§ **Try it**
The material beneath this line should be printed exactly, with its pictures omitted.

§ **Records provided**
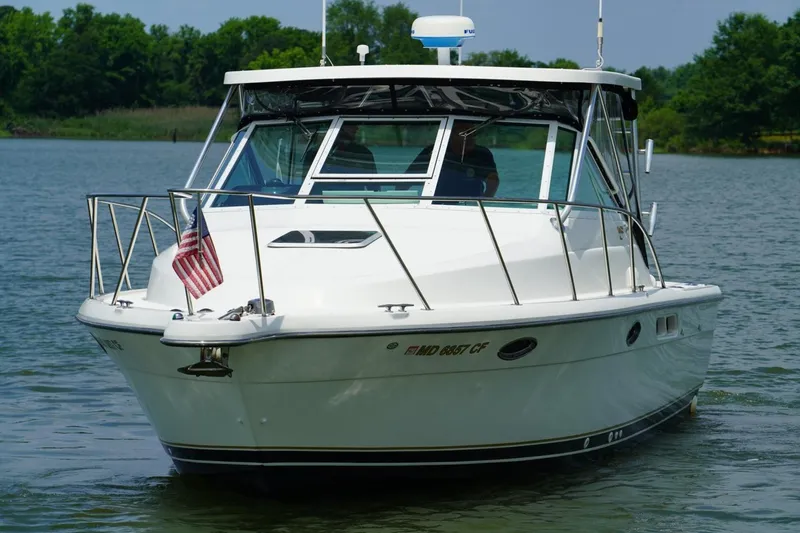 Slide: The Image of 2004 Tiara Yachts 2900 Open Classic boat on water with American flag. - 6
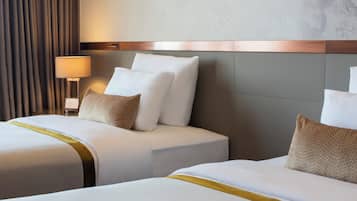 A hotel room with two beds, a lamp, and a curtain.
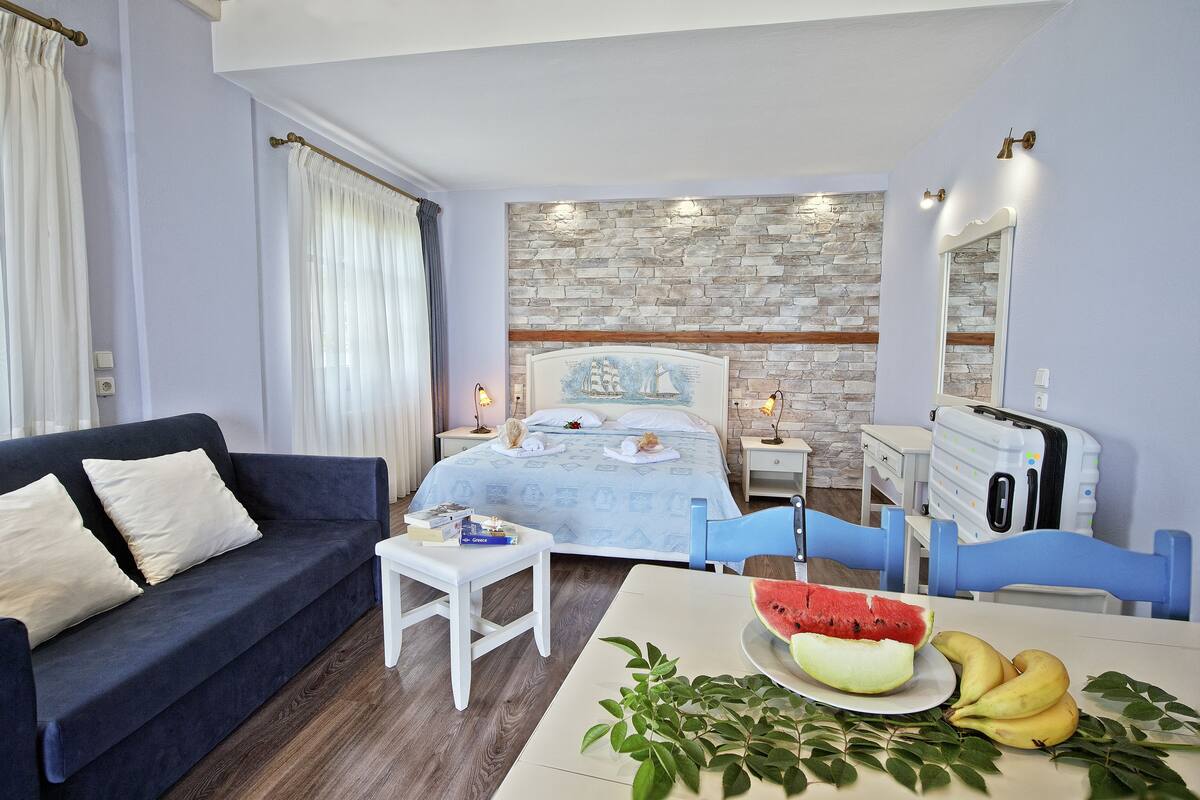 Un dormitorio con cama, mesita de noche, cómoda, silla, sofá y mesa de comedor con frutas y una sandía.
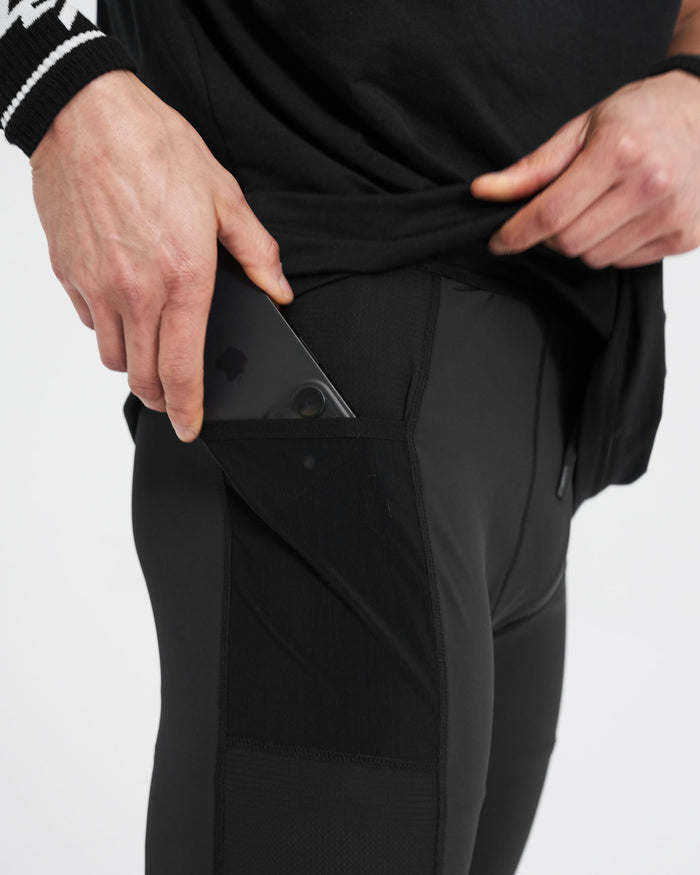 Man wearing black cargo half tights on a plain white background | 247 Cargo Half Tight in Jet Black | Training shorts with stretch ripstop side panelling | 247 Shorts | Represent Clo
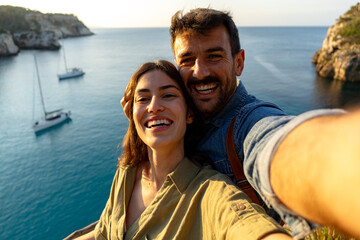 Happy couple taking a selfie with a stunning ocean backdrop featuring sailboats and cliffs, capturing a memorable travel moment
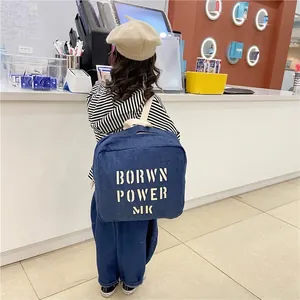 Kids denim backpack in navy blue with bold letter print worn by a child model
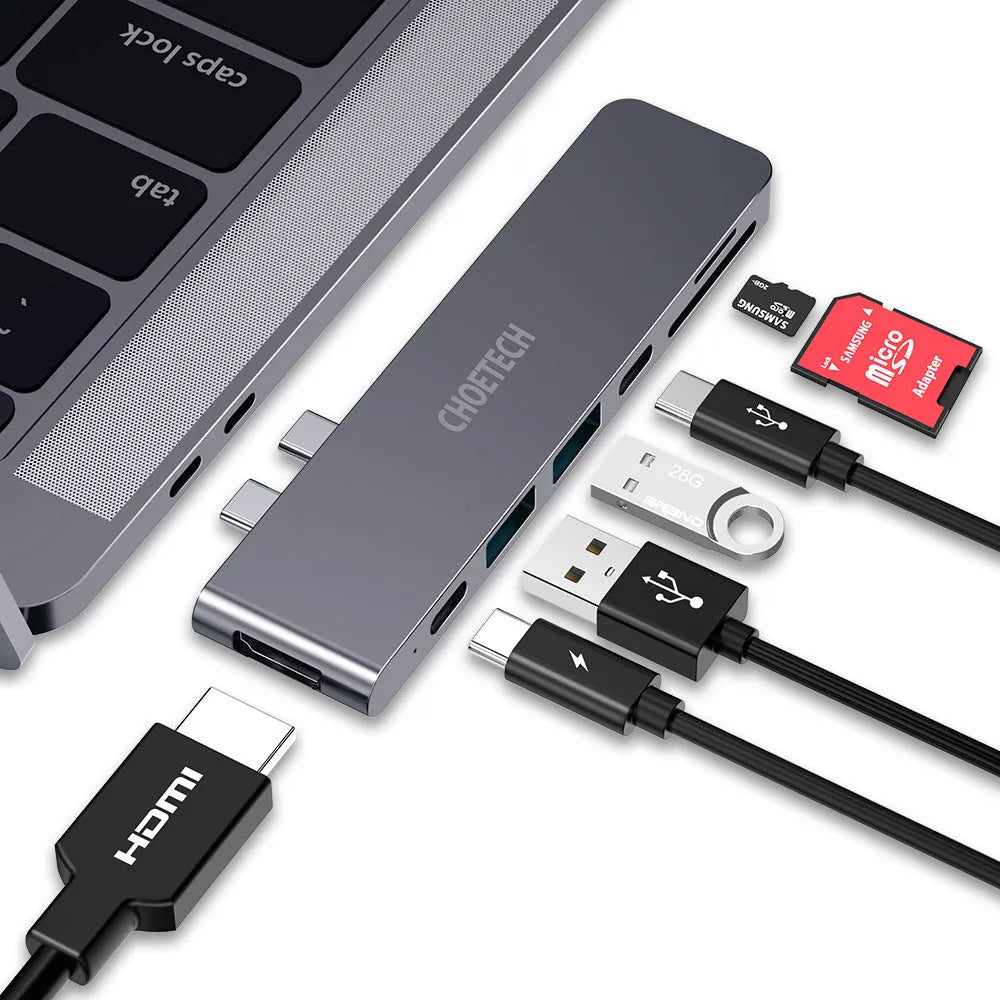 Black aluminium alloy USB C adapter with SD card slot, Thunderbolt 3, HDMI, and USB ports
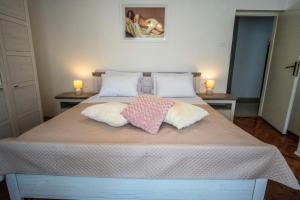 Postel nebo postele na pokoji v ubytování House Nada apartman
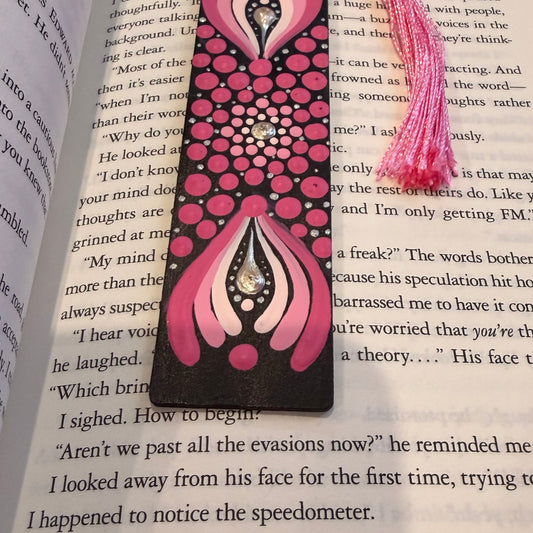 Pink and black floral bookmark on an open book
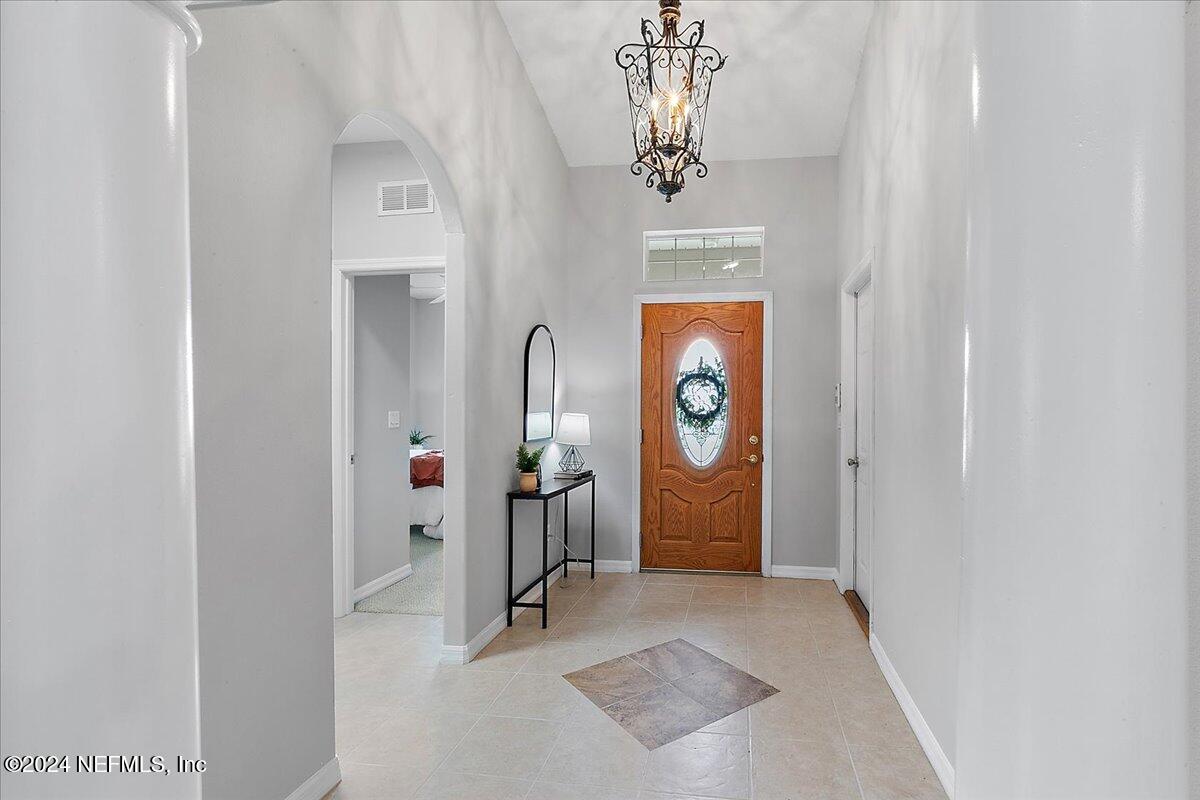 1053 Ridgewood Lane St. Augustine, FL 32086 - Photo 3 of 23 an entryway with a door and a rug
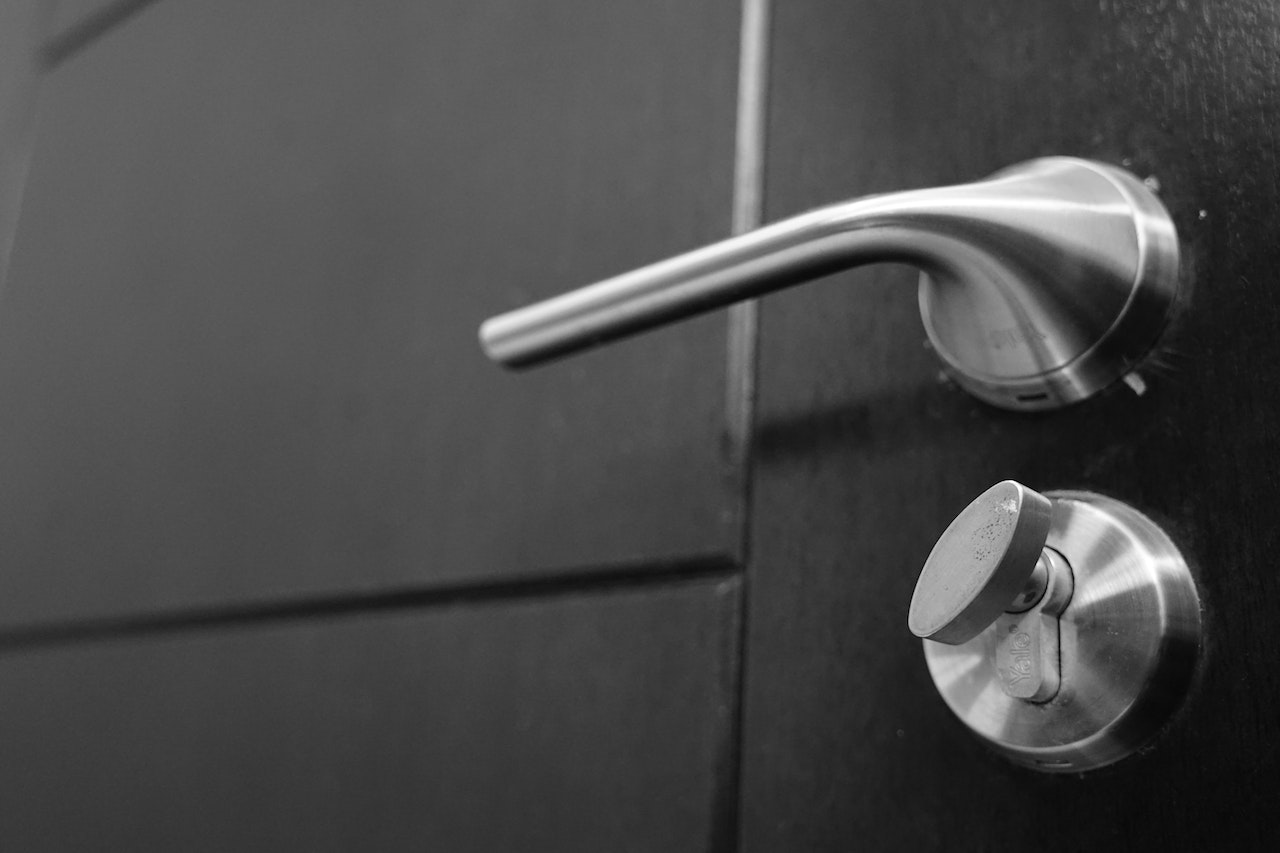 close up photography of gray stainless steel door lever and lock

§ **Result**
 Slide: The Image of 2004 Tiara Yachts 2900 Open Classic boat on water with American flag. - 6
 A hotel room with two beds, a lamp, and a curtain.
 Un dormitorio con cama, mesita de noche, cómoda, silla, sofá y mesa de comedor con frutas y una sandía.
 Man wearing black cargo half tights on a plain white background | 247 Cargo Half Tight in Jet Black | Training shorts with stretch ripstop side panelling | 247 Shorts | Represent Clo
 Happy couple taking a selfie with a stunning ocean backdrop featuring sailboats and cliffs, capturing a memorable travel moment
 Kids denim backpack in navy blue with bold letter print worn by a child model
 Black aluminium alloy USB C adapter with SD card slot, Thunderbolt 3, HDMI, and USB ports
 Postel nebo postele na pokoji v ubytování House Nada apartman
 Pink and black floral bookmark on an open book
 1053 Ridgewood Lane St. Augustine, FL 32086 - Photo 3 of 23 an entryway with a door and a rug
 close up photography of gray stainless steel door lever and lock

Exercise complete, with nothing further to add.